Mathematically the postulate tells us that if we take any two distinct singleton sets, $$\{s\}\subset {\cal S}$$ or $$\{s'\}\subset {\cal S}$$ with $$s\neq s'$$, containing two distinct states $$s$$ and $$s'$$, then $$\mathbb{P}(\{s\})=\mathbb{P}(\{s'\}).$$

Now let $$\Sigma(\mathbf{X})$$ be given. Decompose it as a union of singletons for each of its elements:

$$\Sigma(\mathbf{X})=\bigcup_{i=1}^{\Omega(\mathbf{X})}\{s_i\},\quad s_i \in \Sigma(\mathbf{X}).$$

Now take the probability $$\mathbb{P}$$ and use property (3). Moreover also use that $$\mathbb{P}(\{s_i\})=p$$ because of the postulate.

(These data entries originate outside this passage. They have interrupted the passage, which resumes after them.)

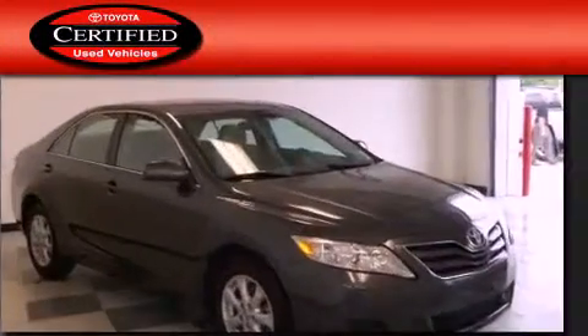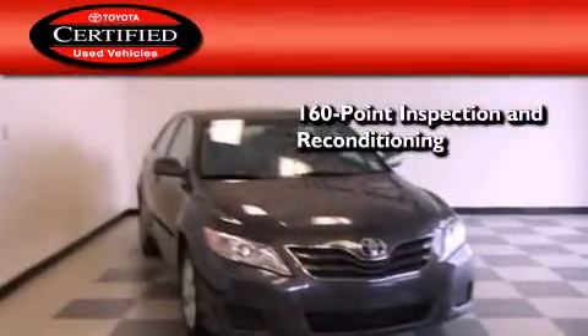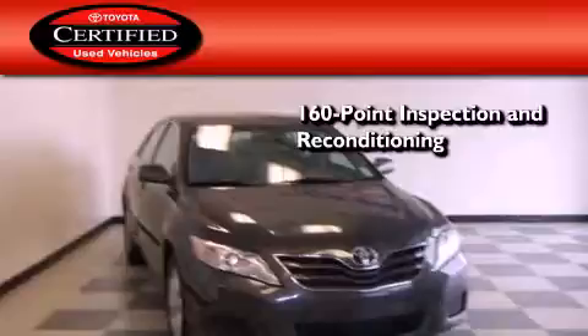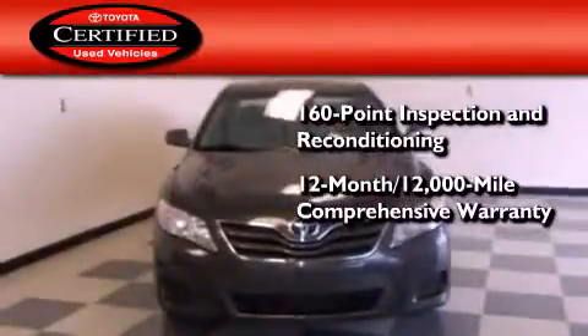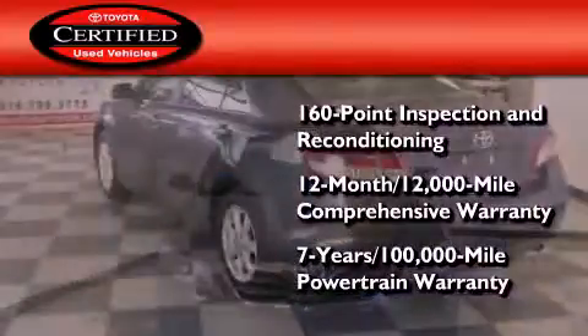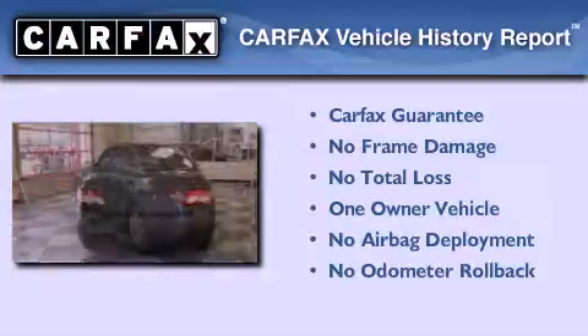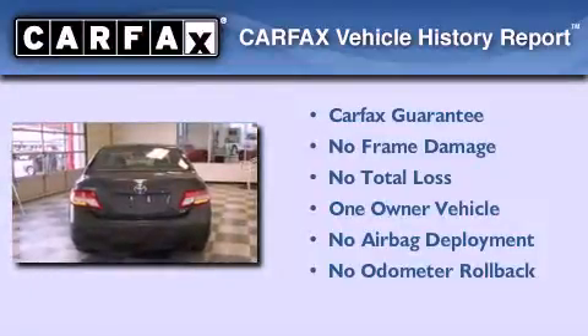Toyota's certification includes a 160-point inspection and an extensive reconditioning process, plus a 12-month 12,000-mile comprehensive warranty and a 7-year 100,000-mile powertrain warranty. This sedan has had only one owner and it qualifies for the Carfax Buyback Guarantee.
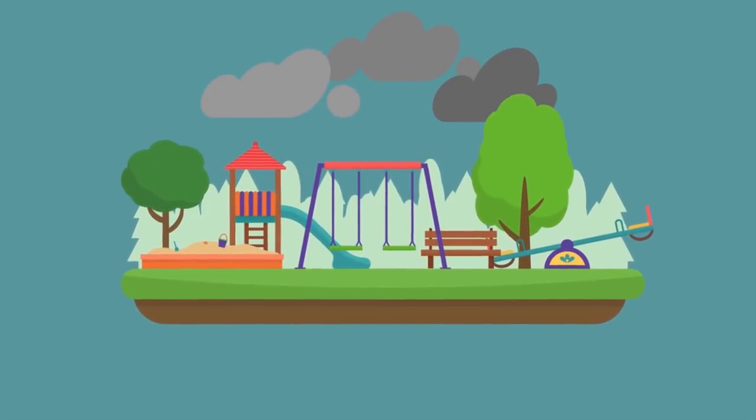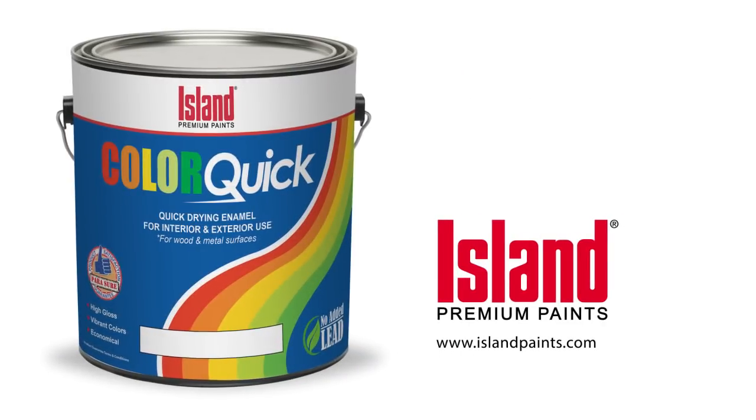So when choosing a quick-drying paint for wood and metal surfaces, choose ColorQuick by Island Paints. Para sure!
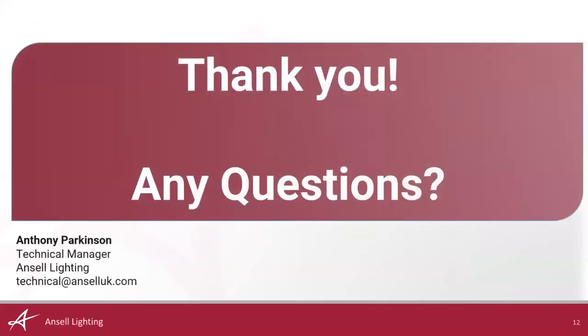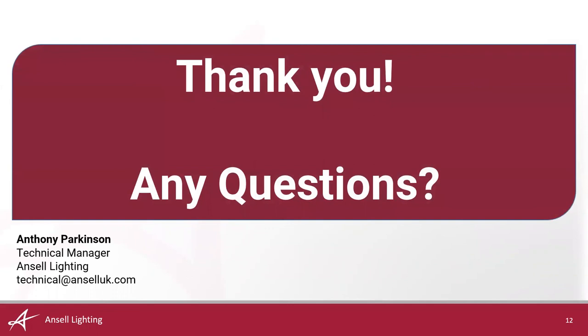Thank you for listening. I hope you've enjoyed it — it's been a fairly brief overview of fire testing, the construction involved, and I'm open to questions. Thank you.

$$\mathbb{P}(\Sigma(\mathbf{X}))=\sum_{i=1}^{\Omega(\mathbf{X})}\mathbb{P}(\{s_i\})=p \sum_{i=1}^{\Omega(\mathbf{X})}1=p \Omega(\mathbf{X}).$$

Therefore the probability that the system is in a microscopic state compatible with the macroscopic state $$\mathbf{X}$$ is proportional to $$\Omega(\mathbf{X})$$ with proportionality constant being the common probability to all microscopic states.

Finally we can determine $$p$$. Decompose $$\cal S$$ in the union of its constituents, take the probability and apply conditions (2) and (3). The exact same derivation as above shows that $$p = 1/N$$ where $$N$$ is the total number of states.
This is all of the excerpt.